The transfer itself is free and devoid of any mars or blemishes. Grain is at a minimum, creating an image that is truly mesmerizing at times. With flesh tones that appear natural, aside from the intentional pastel-like appearance in the children's facial characteristics and Willy Wonka's almost otherworldly tint, this high definition presentation of "Charlie and the Chocolate Factory" is truly a beauty to behold.
The movie comes available with a Dolby Digital 5.1 TrueHD sound track, as well as Dolby Digital 5.1 racks in a variety of language. The audio presentation serves this Tim Burton extravaganza quite respectively with its uncompressed and stunningly cleanly separated presentation. Offering a good balance that easily handles everything from the bizarre Oompa Loompa musical numbers to dialogue tracks and sound effects, this sonic spectacle enhances the incredible visual experience.
In addition to the feature, this Blu-Ray Disc version of "Charlie and the Chocolate Factory" comes packed with some really neat special features, starting with the "In-Movie Experience" with director Tim Burton as he takes you through the creative process behind the production of the film, which is fun and informative and can be viewed simultaneously with the feature.
A full length audio commentary with director Tim Burton is definitely worth the time invested, as well as a great assortment of unique featurettes.
"Becoming Oompa-Loompa", a segment that introduces us to actor Deep Roy, the only true image of "Oompa Loompa" present in "Charlie and the Chocolate Factory". Focusing on the visual effects department, we learn just how one single performer was digitally mapped through CGI to produce several individual "Oompa Loompas" with the exact personal characteristics.
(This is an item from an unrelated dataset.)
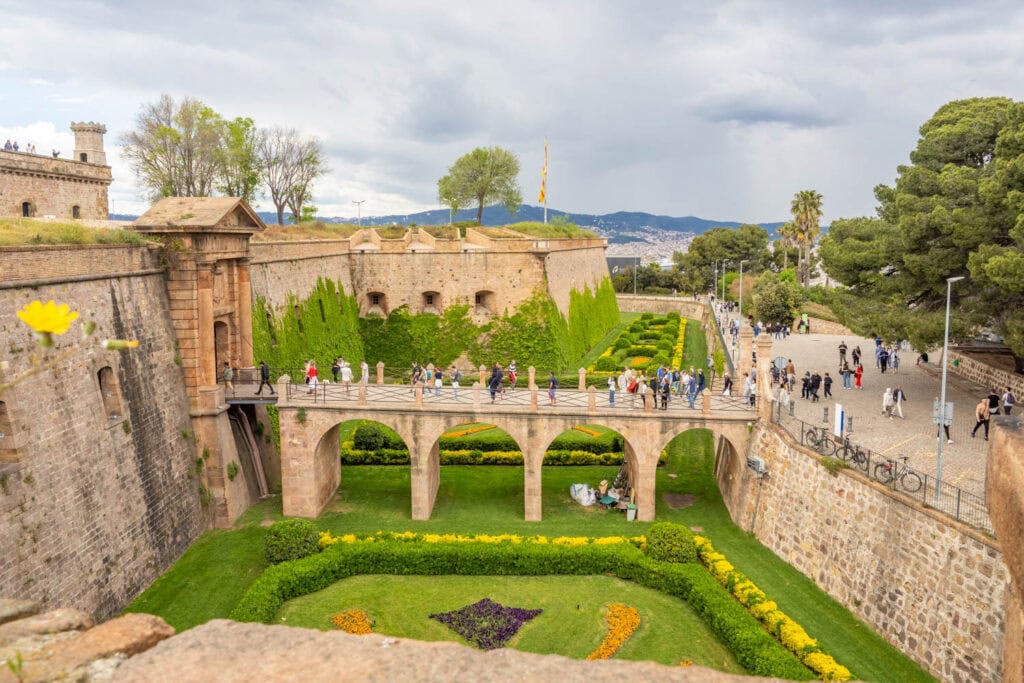 Doen in Barcelona - Kasteel van Montjuïc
"Charlie and the Chocolate Factory: Chocolate Dreams" is a short behind-the-scenes feature focusing on the general production of the film. "Different Faces, Different Flavors" introduces us to the actors and their individual characters as portrayed in the film. "Designer Chocolate" delves into the production design of the fable-like town showcased in the film that features both American and British sensibilities. "Under the Wrapper" takes a look at the special visual effects used to bring Wonka's candy factory to life, while "Charlie and the Chocolate Factory: Sweet Sounds" introduces us to composer Danny Elfman and the score that he wrote and produced for the feature presentation.
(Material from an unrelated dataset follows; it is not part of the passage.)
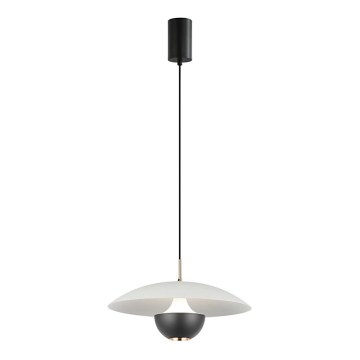 Lustre LED em cabo VALIA LED/9W/230V cinzento/preto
"Attack of the Squirrels" is a completely priceless featurette showcasing the training of actual real-life squirrels for use in the "nut shelling" scene found in "Charlie and the Chocolate Factory". If you love all things cute and cuddly, this one is not to be missed!
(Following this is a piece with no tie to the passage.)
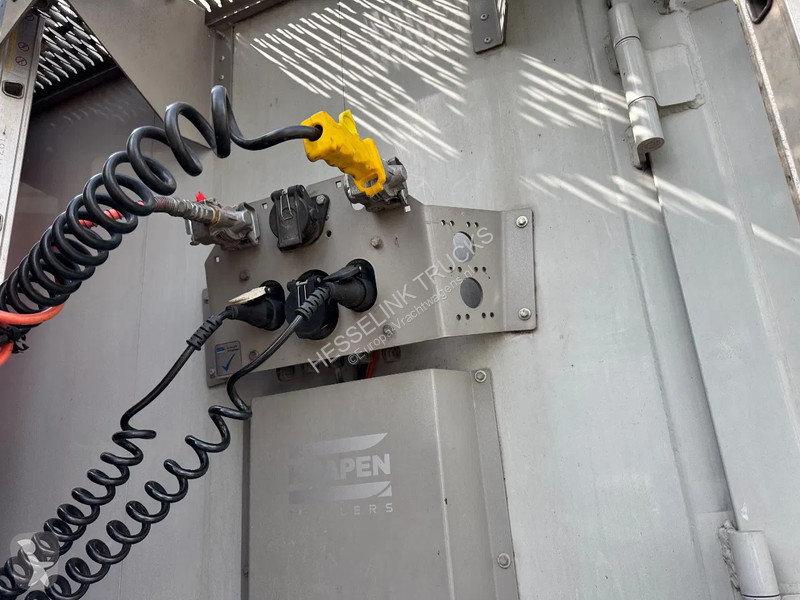 Semitrailer  K100 92M3 10MM Cargo Floor, Alcoa,...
"The Fantastic Mr. Dahl" takes a short glimpse into the life of the author of "Charlie and the Chocolate Factory". Two more visual effects segments titled "Pre-Vis of Augustus Gloop" and "Pre-Vis of Mike Teavee" along with a theatrical trailer and brief music video-style "Club Reel" complete the nice assortment of special features found on the HD DVD of "Charlie and the Chocolate Factory".
Slightly quirky at times, including the rather cartoon-like CGI used during the opening title sequence, "Charlie and the Chocolate Factory" still managed to outperform any preconceived notions I may have had. I have yet to be disappointed by the multi-talented and always entertaining Johnny Depp. With his larger than life super-white teeth and hilariously sinister, yet ultra-witty dialogue, Depp delivers another awesome performance that truly shines on this Blu-Ray Disc!